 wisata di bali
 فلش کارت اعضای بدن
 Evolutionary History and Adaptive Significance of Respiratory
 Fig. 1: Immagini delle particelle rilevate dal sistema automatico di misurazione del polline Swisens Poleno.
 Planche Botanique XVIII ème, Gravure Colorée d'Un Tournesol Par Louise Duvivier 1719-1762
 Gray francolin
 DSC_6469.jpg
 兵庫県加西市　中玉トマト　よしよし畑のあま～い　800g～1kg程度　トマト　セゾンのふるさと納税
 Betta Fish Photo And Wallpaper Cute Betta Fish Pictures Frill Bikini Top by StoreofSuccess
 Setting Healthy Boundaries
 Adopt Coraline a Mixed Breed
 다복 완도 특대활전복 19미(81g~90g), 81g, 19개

* Activity *
Nothing but the lines from the one containing "Planche Botanique XVIII" to the end of the entries belongs in the answer, and each must match exactly.

* Written solution *
 Planche Botanique XVIII ème, Gravure Colorée d'Un Tournesol Par Louise Duvivier 1719-1762
 Gray francolin
 DSC_6469.jpg
 兵庫県加西市　中玉トマト　よしよし畑のあま～い　800g～1kg程度　トマト　セゾンのふるさと納税
 Betta Fish Photo And Wallpaper Cute Betta Fish Pictures Frill Bikini Top by StoreofSuccess
 Setting Healthy Boundaries
 Adopt Coraline a Mixed Breed
 다복 완도 특대활전복 19미(81g~90g), 81g, 19개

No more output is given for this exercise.